Applied learning is a very broad focus (is that an oxymoron?) but I want to direct my TLC towards Punk Learning which incorporates project based learning, student set objectives, creativity and life enhancing skills, all scaffolded by SOLO's excellent structure of progression to constantly challenge.
I supplied my TLC group with the following manifesto to get them thinking about applied learning.

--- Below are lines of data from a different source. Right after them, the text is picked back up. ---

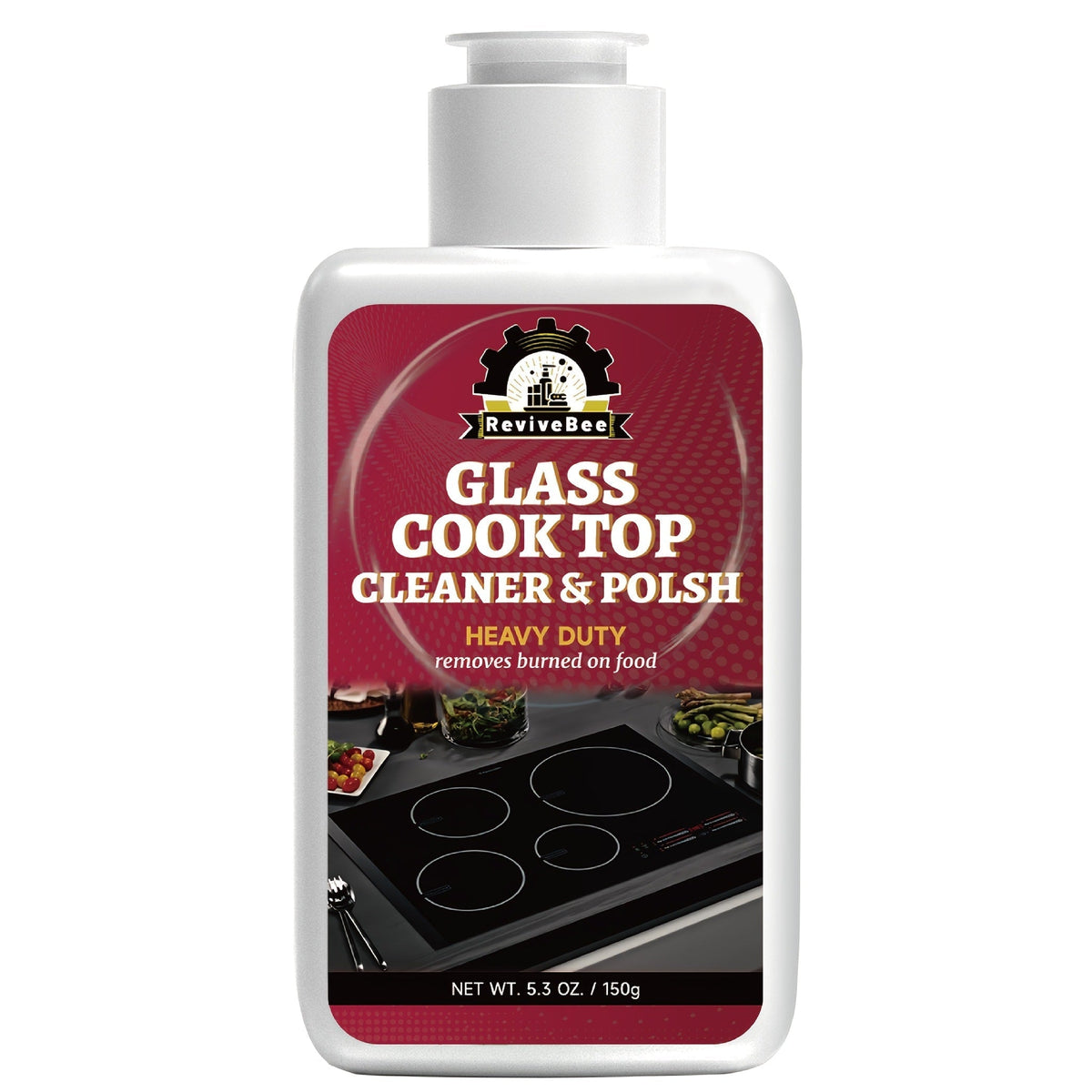 Ceramic Stove Cleaner Gel – Fast-Acting Stovetop Cleaner Removes Burnt-On Grease & Stains Without Scratching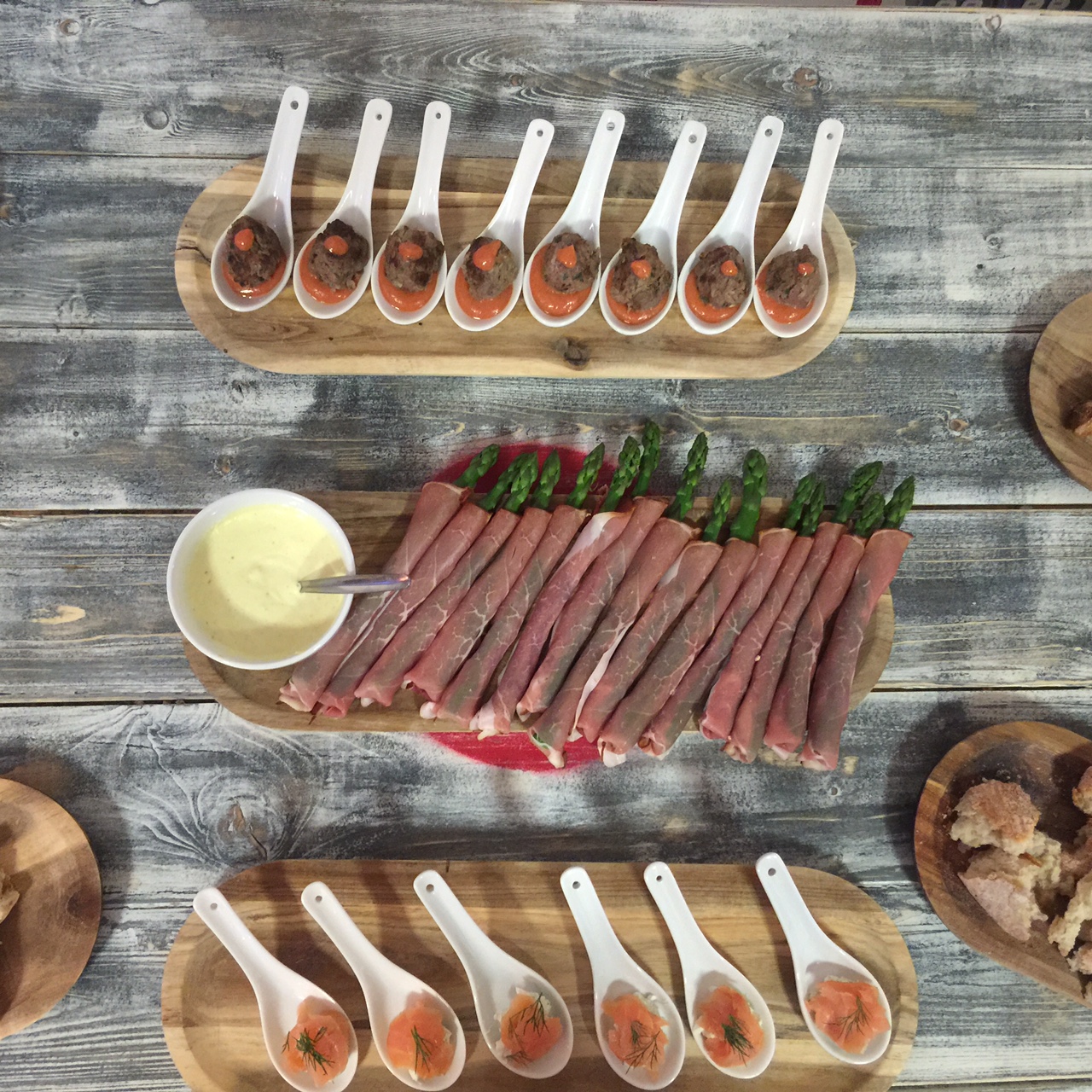 Gourmet appetizer display for private hire events with vibrant food presentation.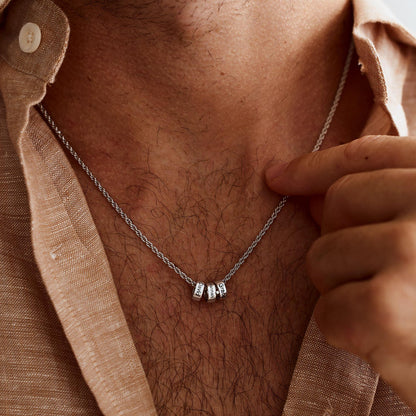 Personalized Husband Family Name Bead Necklace, Engraved Men's Necklace Gift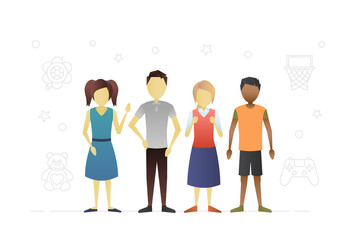 Obraz premium Group of children flat character design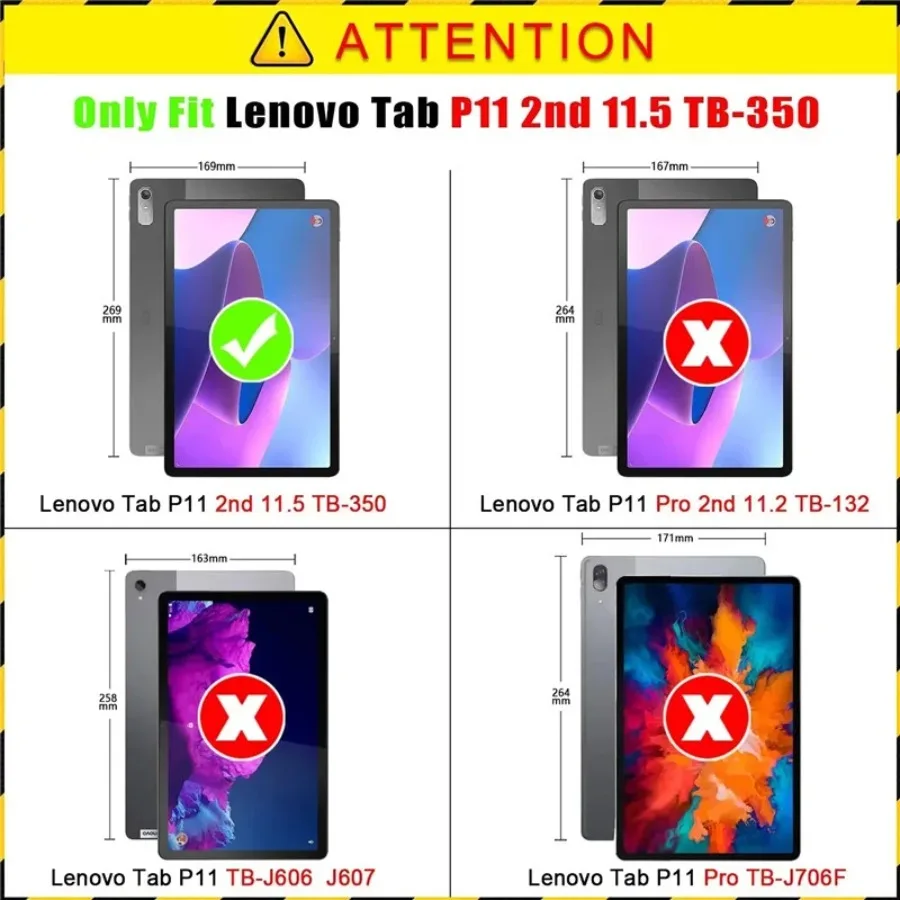 Фото Чехол для Lenovo Tab P11 2-го поколения, 2, 11,5 дюйма, с вращающейся подставкой TB350XU 360, чехол для планшета XiaoxinPad Plus 11,5 2023 №2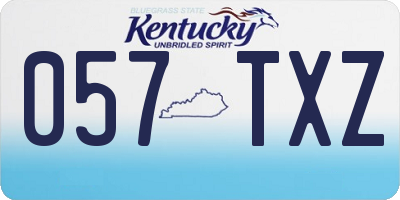 KY license plate 057TXZ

I can't remember how much of it was taken from another source, apologies if it was from you, please get in touch so I can give you credit.
- links learning to the real world making it more relevant to students and giving a greater sense of purpose to what they are doing.
- places equal emphasis on knowledge, understanding and skills.
- gives students increasing opportunities to use and apply their learning so that they can see their learning in action and extend and develop it still further.
- requires students to be more active in their learning so that they are partners in the learning process rather than passengers or spectators – there is strong evidence that learning is much more powerful and lasting when this is happening.
- places greater emphasis on ‘deep learning’ that builds on, and makes connections with, students’ prior learning and experiences, as opposed to the simplistic rote recall of facts and what has been called ‘shallow learning’.
- requires students to increasingly take responsibility for their own learning, planning and organising progressively more challenging tasks and extended activities, so they are better prepared for future learning and life.
- supports students to reflect upon and develop their learning skills so that they become increasingly more effective as learners and better equipped for the future.